Mephibosheth is adopted. (2 Samuel 9:11)
No, the word adoption is not used but the sentiment is there. Twice, in verse 10 and verse 11, we are told that Mephibosheth is invited and eats at David’s table like one of his sons. This is very intimate and would have made a statement to others watching the situation unfold. See, in my culture, sharing a meal with someone isn’t exactly monumental or noteworthy. I’m southern afterall and we love to have food whenever possible but can you imagine if I threw a party for the neighborhood that included entertainment and a delicious spread but when it came time to eat, my family had a separate table away from the others. Better yet, my family was feasting on incredible platters from a local catering service while I threw a couple of dollar menu options on everyone else’s table. My neighbors would be offended, probably think I’m insane and definitely wouldn’t accept another invite.
However, in other cultures and time periods, it was not uncommon for those of the upper echelon to sit separate from those “beneath them” and to eat nicer foods. Your position within the venue, the types of food you ate, even your access to a spot at a table was determined by your “worth”. Those in charge could make a statement or send a message by inviting someone to the top table with the family or by sending them something expensive to eat. So, when the Bible says that “Mephibosheth ate at David's table like one of the king’s sons” they weren’t kidding. This wasn’t a one time invitation to show goodwill but rather inclusion in the family. It let everyone know where Mephibosheth fell in the rankings.
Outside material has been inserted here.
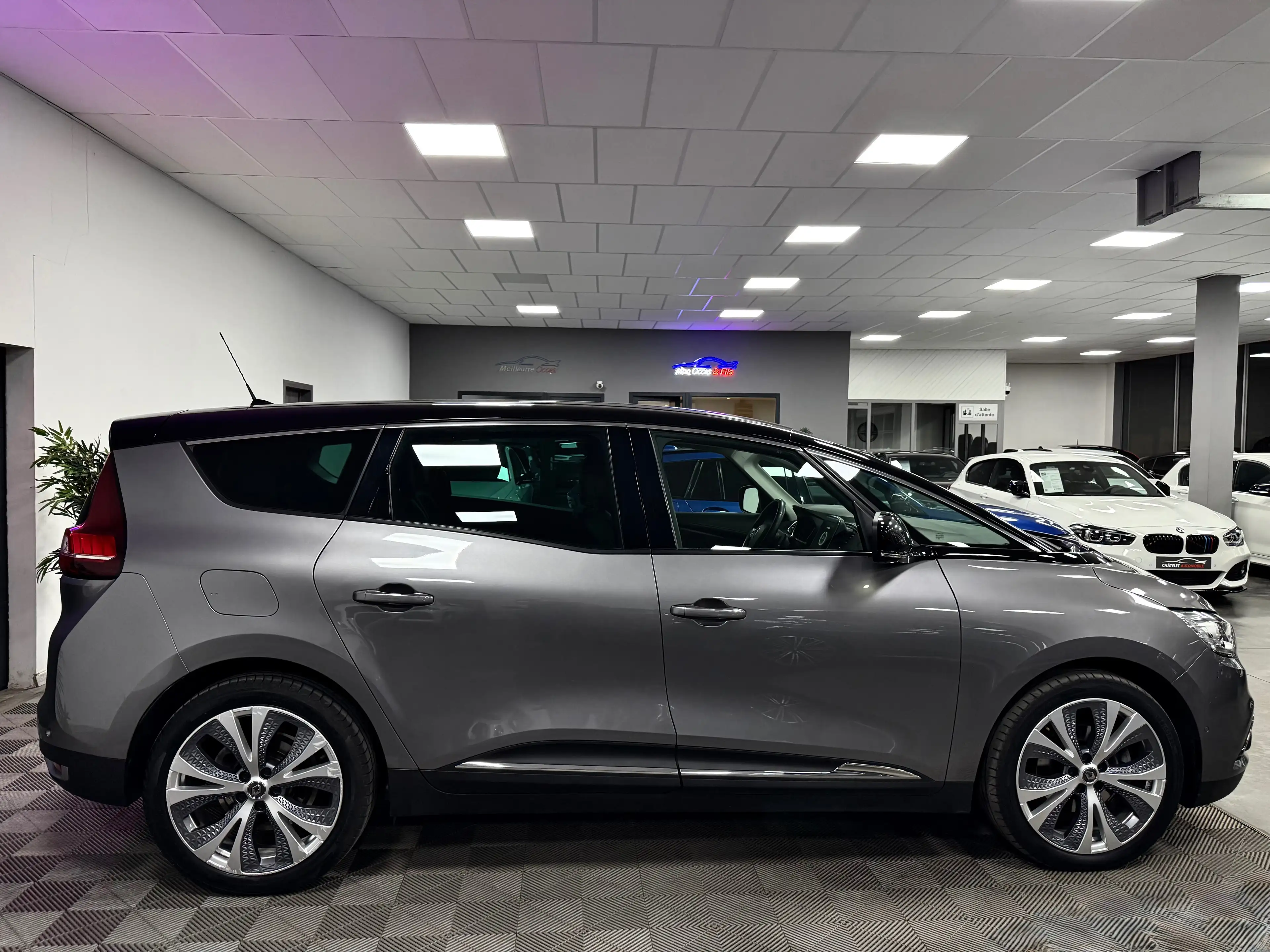 Renault Scenic Scenic 1.7 Dci 7 places Automatique état neuf Garantie 12 mois — photo 6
The New Testament continually refers to us being adopted as children into the family of God. To me that’s another incredible part of salvation… not just forgiveness of sins or eternal life on the fringe of heaven’s society which would still be more than I deserved but rather being brought into the family of God. He is my Abba Father and with that comes the rights of a child. I am a daughter of the King who has the right to approach his throne at any point not just with petitions but to actually climb into the lap of the Father. That kind of grace is overwhelming in light of what I deserve and I am forever grateful. I pray that you too have experienced the ultimate love of a gracious and compassionate Father and if not, I pray you will meet Him today. I think my Bible summed it up best when it said, “Regardless of how unworthy you feel, you can know that you have been made worthy because you are a child of God”.